Problem statement: Take the lines below from the one with "Vues At Salamander Bay" through the one with "Devin Brugman nude" and print only them, exactly. Don't print the pictures.

Input records:
- - - - - - -

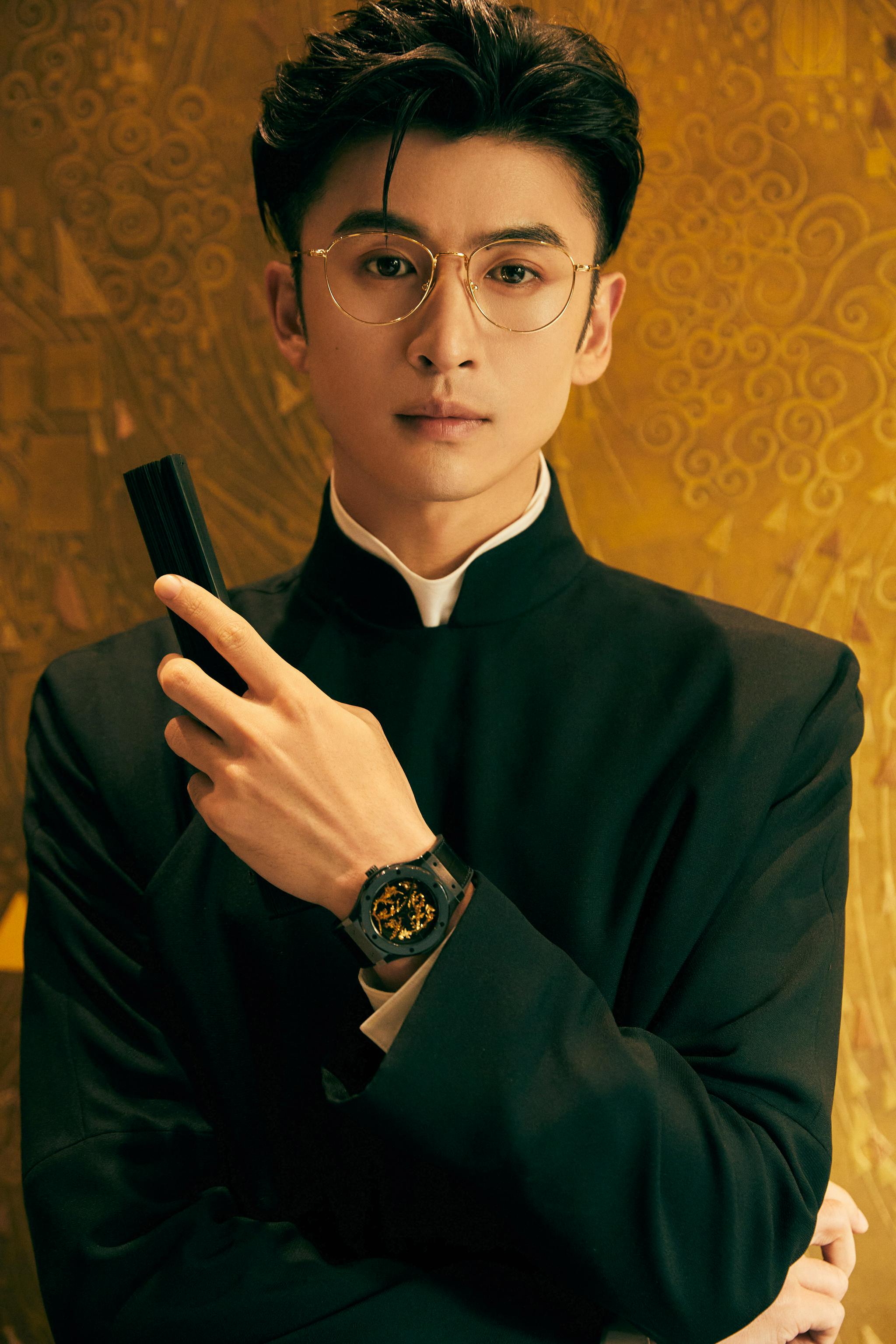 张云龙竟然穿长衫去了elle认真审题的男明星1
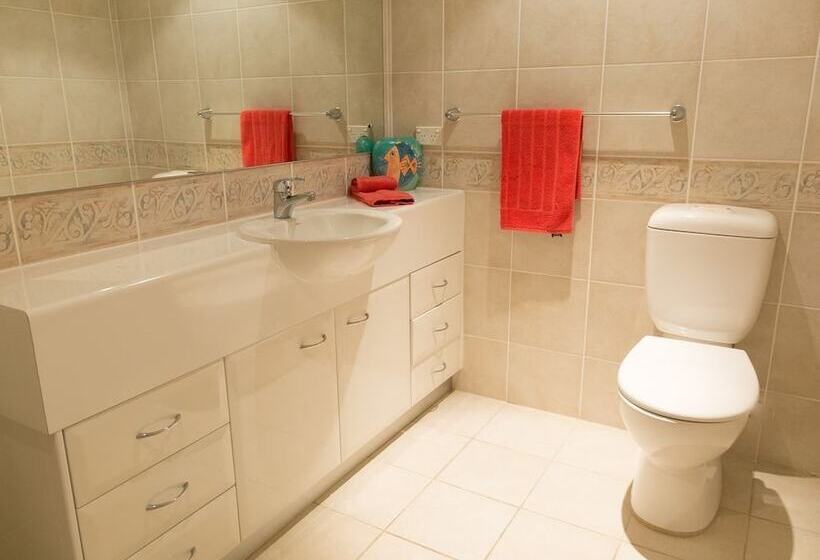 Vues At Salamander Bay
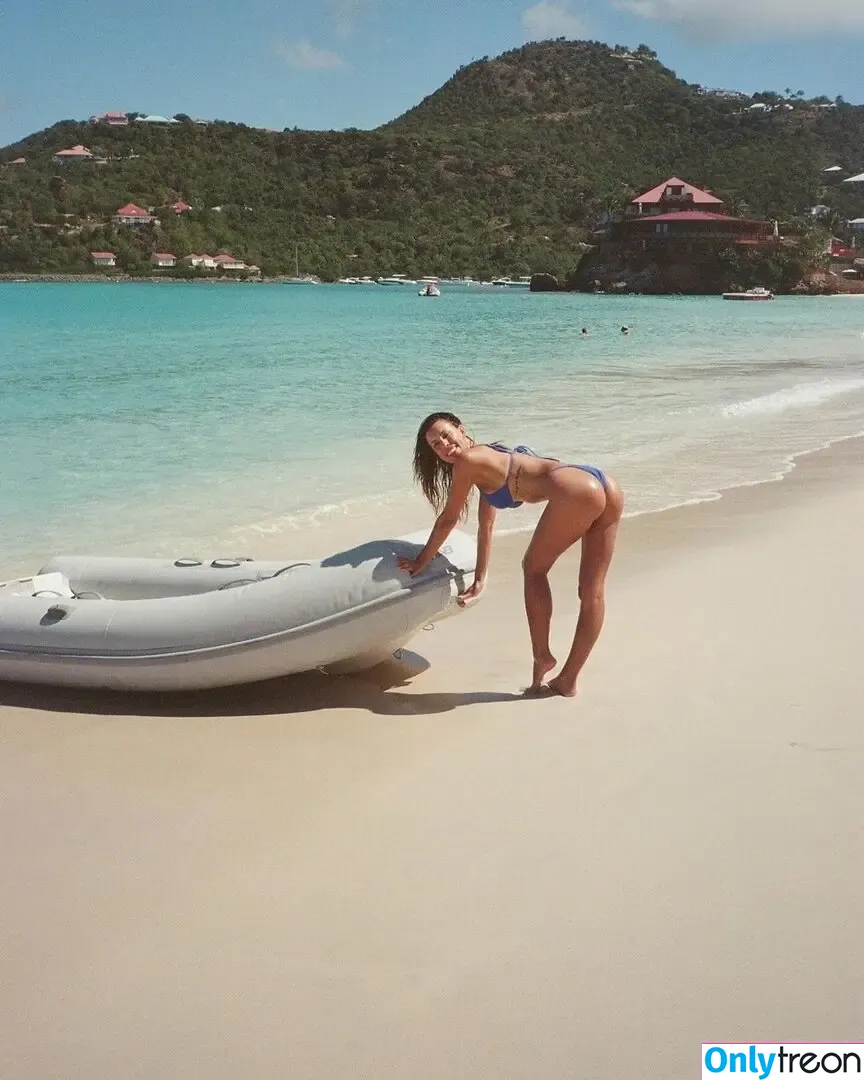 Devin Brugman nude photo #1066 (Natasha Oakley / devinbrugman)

- - - - - - -

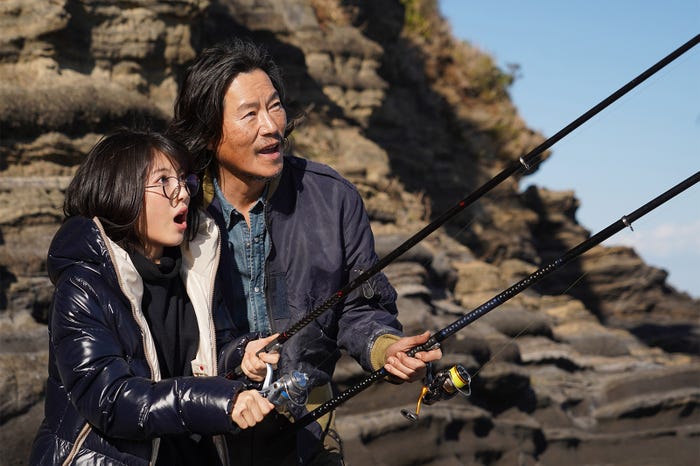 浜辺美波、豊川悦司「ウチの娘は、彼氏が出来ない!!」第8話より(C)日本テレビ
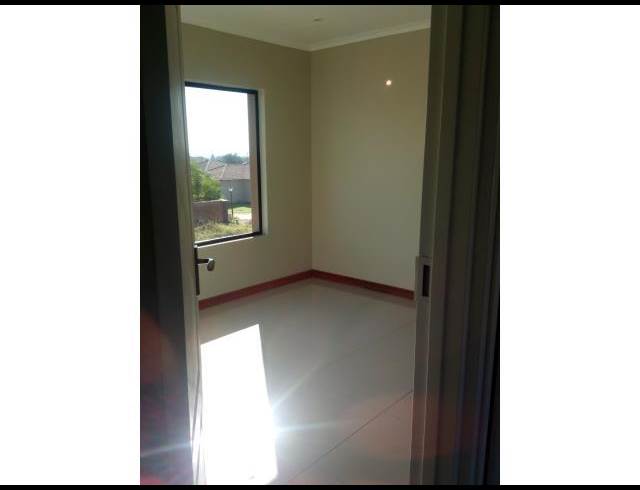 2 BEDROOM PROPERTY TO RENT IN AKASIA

- - - - - - -

Written reply:
 Vues At Salamander Bay
 Devin Brugman nude photo #1066 (Natasha Oakley / devinbrugman)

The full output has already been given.